‘One of the best kept secrets’

Lampire sees bright future

Mirror photo by Patrick Waksmunski Lampire Biological Laboratories laboratory manager Greg Klinger displays a vial containing a product supplied to biotech and pharmaceutical companies worldwide. The laboratory specializes in polyclonal and monoclonal antibody development among other blood-derived products.

EVERETT — Lampire Biological Laboratories and Bedford County have been a good fit for each other.

“Lampire has put Bedford County on the map in the life sciences industry. We have watched their steady growth here through the years and are extremely impressed with Greg (Gregory F.) Krug’s vision,” said President Bette Slayton of the Bedford County Development Association.

Lampire — founded in 1977 in Doylestown, Bucks County, by Krug and Craig Tarler — is a multimillion dollar international life science company that produces biological reagents used by diagnostic and pharmaceutical companies.

Lampire specializes in polyclonal and monoclonal antibody development, cell culture devices and services, and a wide variety of blood-derived products.

Lampire — which has six locations in Pennsylvania — came to Bedford County in 1989 after “Bucks County lost much of its agricultural presence,” said Krug, company president.

“We looked at many locations. We had a great experience with the people from Bedford County; it was very special. Bedford County Development Association played a big role; they gave us great support,” Krug said. “Also, we got support from the local community: Bette and her dream team and Hometown Bank, Clifford Clark Construction, Clearfield Bank & Trust, Trudy Mitchell at SAPDC, they all helped us to grow and be successful.”

The small and large animal farm — a 400-acre campus which features more than 17 different species of animals available for production and project needs — was established in 1989.

The 18,000-square-foot Everett Bioprocessing Center was built in 2007.

“This was a textile building with hundreds of sewing machines. We have taken it from clean manufacturing to an even cleaner production area,” Krug said. “Our lab facilities have undergone numerous expansions both in equipment and space over the past few years.”

Lampire was something completely new to the area, said Kathy Jo Price, office manager and one of the first employees hired at the Bedford County location.

“Drawing blood and processing it for science and the places it was going and used for was unknown in this area at that time,” Price said.

Lampire is part of the life sciences industry.

“Our core products are supplied to biotech and pharmaceutical companies worldwide. These products are used in manufacturing and research for diagnostics, pharmaceuticals, biotechnology, environmental and cosmetics.
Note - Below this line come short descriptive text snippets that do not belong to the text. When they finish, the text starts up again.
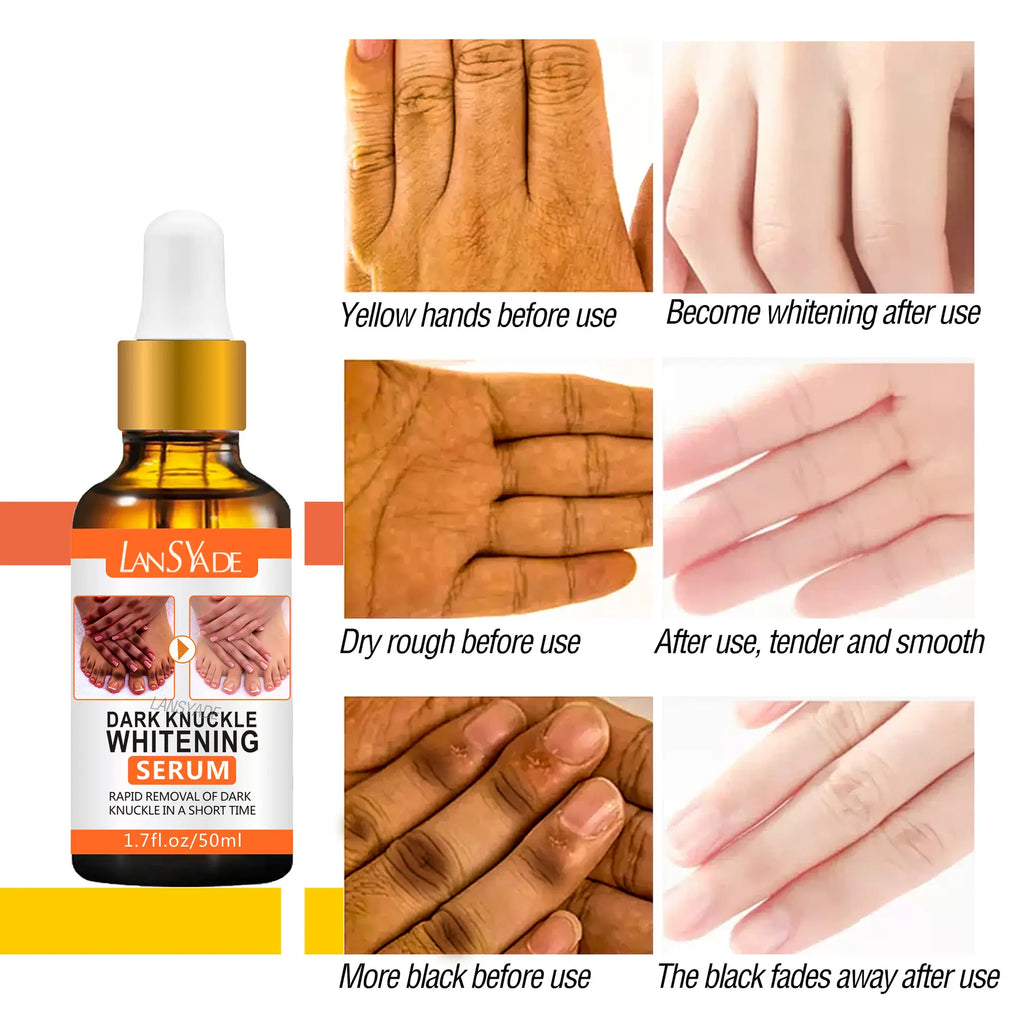 🔥 LIMITED DEAL — LansYade Dark Knuckle Whitening Serum 50ml | Fades Dark Knuckles + Brightens Elbows & Knees + Evens Skin Tone | KSh 1,500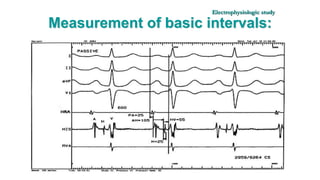 Basics of Electrophysiologic study, part 1 (2020) | PPTX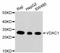 Voltage Dependent Anion Channel 1 antibody, STJ113041, St John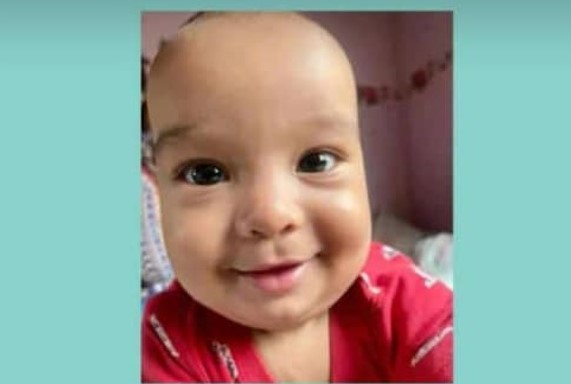 A los nueve meses de nacido Sebastián Martínez fue operado de una obstrucción intestinal y requiere ayuda económica para su tratamiento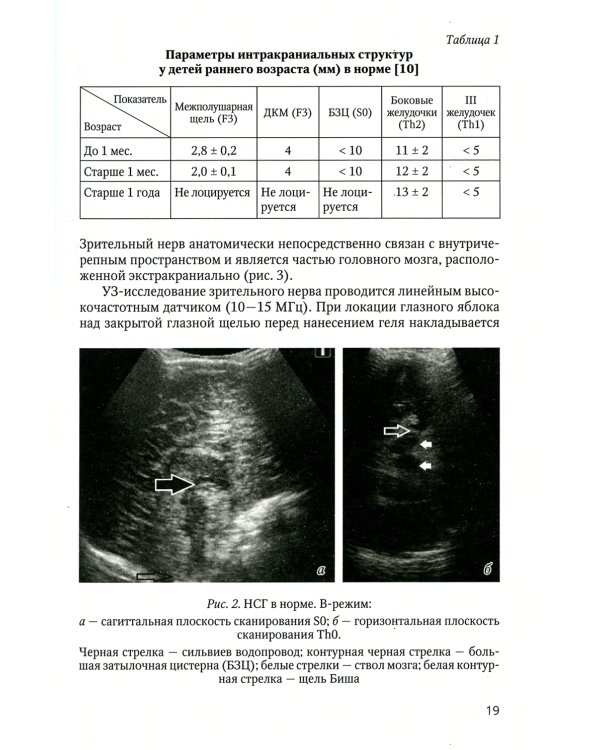 Нейровизуализация при энцефалитах и менингитах у детей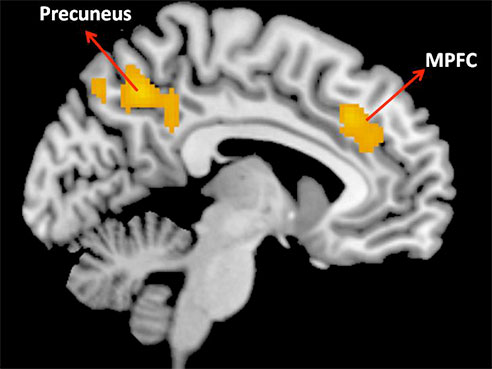 fmri 1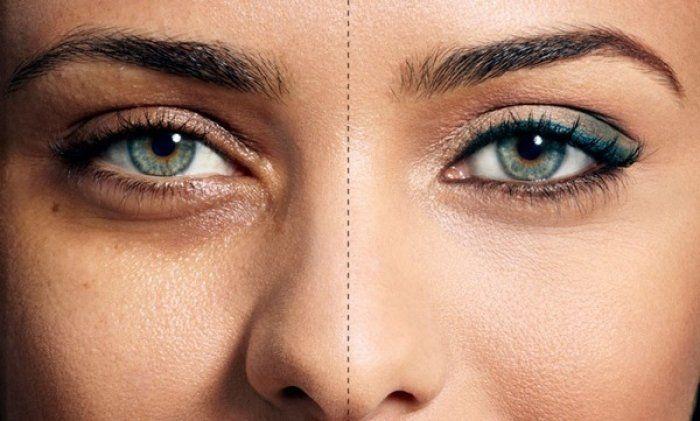 rimedi-borse-e-occhiaie | Charme Parfumerie de Luxe Molfetta rimedi-borse-e-occhiaie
Lampire is to the biotech/pharmaceuticals industry as coal is to the steel industry,” Krug said.

Lampire’s products and services include custom antibodies, immunochemistry services, blood and biological products, immunochemicals and related reagents and specialized products and services.
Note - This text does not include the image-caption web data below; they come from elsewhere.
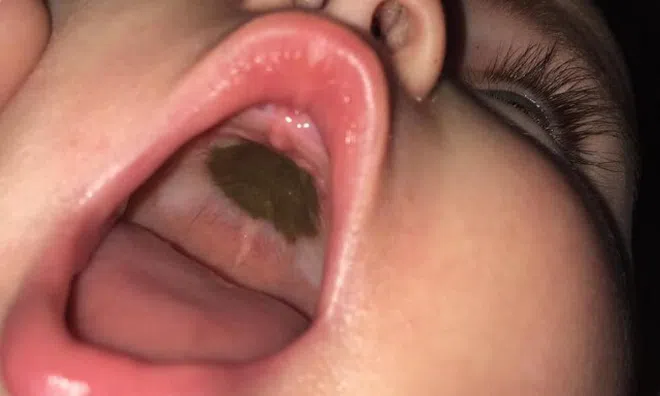 Mẹ phát hoảng thấy miệng con xuất hiện đốm đen lạ, đến bệnh viện nghe bác sĩ chúc mừng mà xấu hổ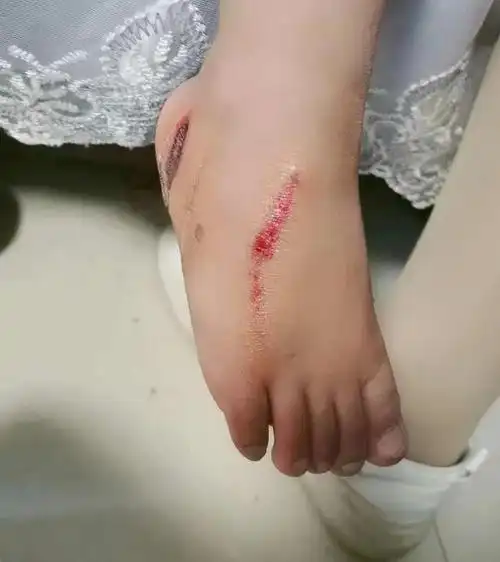 把小女孩送到附近的一家诊所进行冲洗.脚面上挂了很大的一道口子.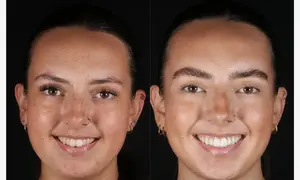 2 0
“We are international; 30 percent of our business is overseas,” Krug said.

“We work with Fortune 50 companies,” said Lee Kandt, general manager.

Lampire has had a significant impact on Bedford County.

“In the last year, we invested more than $3 million. Over the years, we have invested between

$10 (million) and $20 million in Bedford County,” Krug said. “We are attracting companies from all over the world to Bedford County. Health care throughout the world is benefiting from the work that is being done at Lampire.”

“We brought the science and technology industry to the area. With Lampire coming in, we broadened the base where people could get jobs. They could still work on a farm and work with Lampire. The science industry exists here because of Lampire,” Kandt said.

Lampire employs 130 companywide, with about half of those employees in Bedford County. Krug said his employees are the key to Lampire’s success.

“We have clientele — big companies come through our doors on a regular basis. They always talk about the passion our employees have and their dedication to what we do,” Krug said. “We are known for diversification. We are one of the best kept secrets.”

Community involvement also is important.

“Our employees are invol­ved in many community activities,” Krug said. “We have found a home here in Bedford County, one where our business, our families, our community and our county continue to grow. Bedford County is not just farm country, its pharma country.”

The future of the company appears bright.

“We have been able to grow the company. Over the last 10 years, this is where our growth has been, and we expect to see it continue to grow. This building (bioprocessing center) is poised to double. We are looking to double the size of this building in the next year or two. Our building is totally maxed out here,” Krug said.

Krug and Kandt expect to see a 10 to 20 percent growth in employees next year.

“We see the future of Lampire in Bedford County as strong and bright. The company has a reputation of quality products and service. We believe that this commitment to quality will translate into continued growth as the supplier of choice to the domestic and international pharmaceutical industry,” Slayton said.

Lampire has been selected to receive BCDA’s 2017 Economic Development Award in November.